> [DATA FOR ANALYSIS]
== Segment start ==

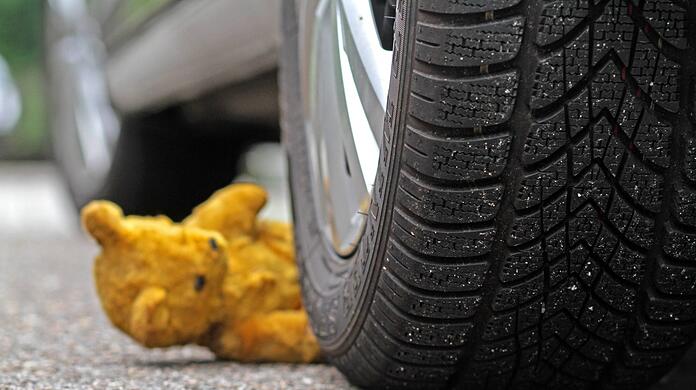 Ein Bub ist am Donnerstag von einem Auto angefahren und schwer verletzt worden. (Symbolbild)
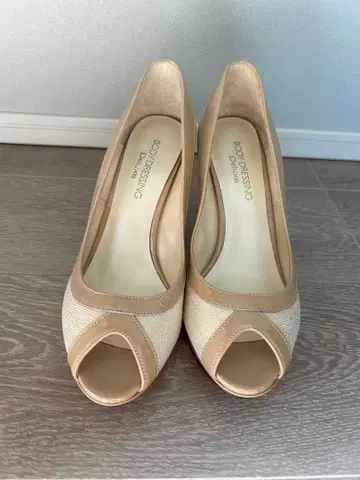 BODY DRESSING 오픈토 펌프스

== Segment end ==
== Segment start ==

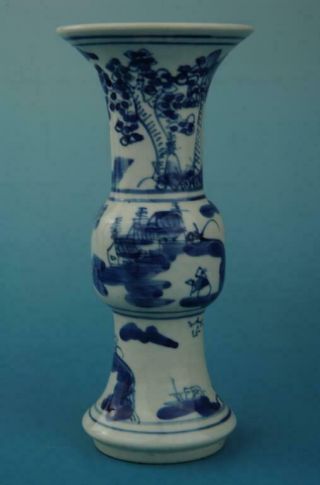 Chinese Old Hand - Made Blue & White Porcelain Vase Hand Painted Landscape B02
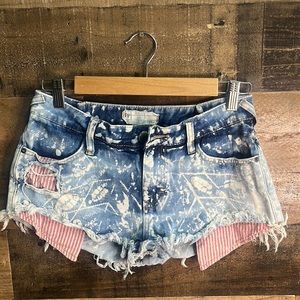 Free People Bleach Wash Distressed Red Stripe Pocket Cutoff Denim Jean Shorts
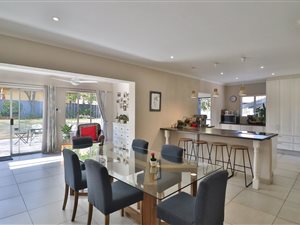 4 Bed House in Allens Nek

== Segment end ==

> [WHAT TO DO]
Above are records with pictures. Reproduce exactly only the lines from the line with "Ein Bub ist" through the line with "BODY DRESSING 오픈토 펌프스", both ends included, and leave the pictures out.

> [RESULT OF THE TASK]
 Ein Bub ist am Donnerstag von einem Auto angefahren und schwer verletzt worden. (Symbolbild)
 BODY DRESSING 오픈토 펌프스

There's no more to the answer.